What to produce
Repeat only the lines below that run from the line with "Līva Ulmane (attēlā" to the line with "Foto no personīgā arhīva", ends included; skip every picture.

Extracted entries
Segment Open
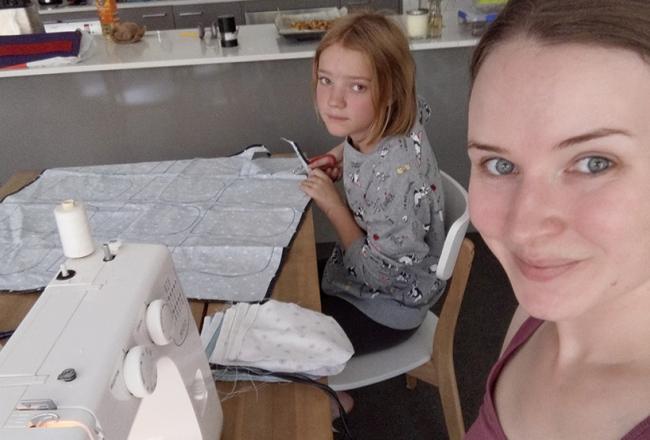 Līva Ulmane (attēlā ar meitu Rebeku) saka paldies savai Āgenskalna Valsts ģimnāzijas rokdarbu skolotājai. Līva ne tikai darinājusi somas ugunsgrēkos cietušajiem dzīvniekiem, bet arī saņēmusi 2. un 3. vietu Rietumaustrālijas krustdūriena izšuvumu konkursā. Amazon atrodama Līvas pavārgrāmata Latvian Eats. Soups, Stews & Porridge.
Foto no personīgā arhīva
Segment Closed
Segment Open
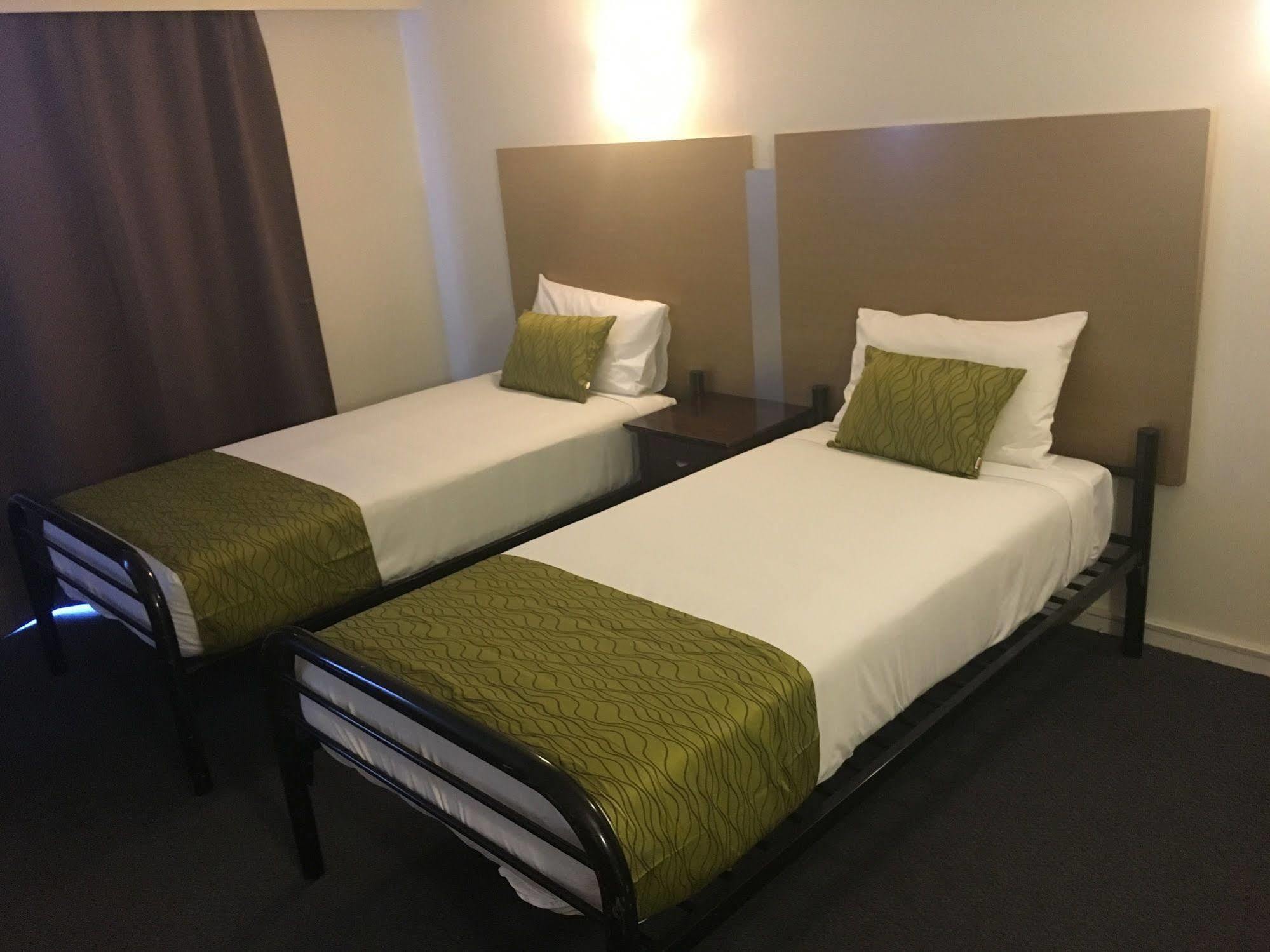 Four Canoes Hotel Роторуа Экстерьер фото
Segment Closed
Segment Open
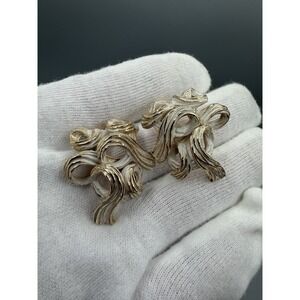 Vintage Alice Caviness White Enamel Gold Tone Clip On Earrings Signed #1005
Segment Closed
Reply
 Līva Ulmane (attēlā ar meitu Rebeku) saka paldies savai Āgenskalna Valsts ģimnāzijas rokdarbu skolotājai. Līva ne tikai darinājusi somas ugunsgrēkos cietušajiem dzīvniekiem, bet arī saņēmusi 2. un 3. vietu Rietumaustrālijas krustdūriena izšuvumu konkursā. Amazon atrodama Līvas pavārgrāmata Latvian Eats. Soups, Stews & Porridge.
Foto no personīgā arhīva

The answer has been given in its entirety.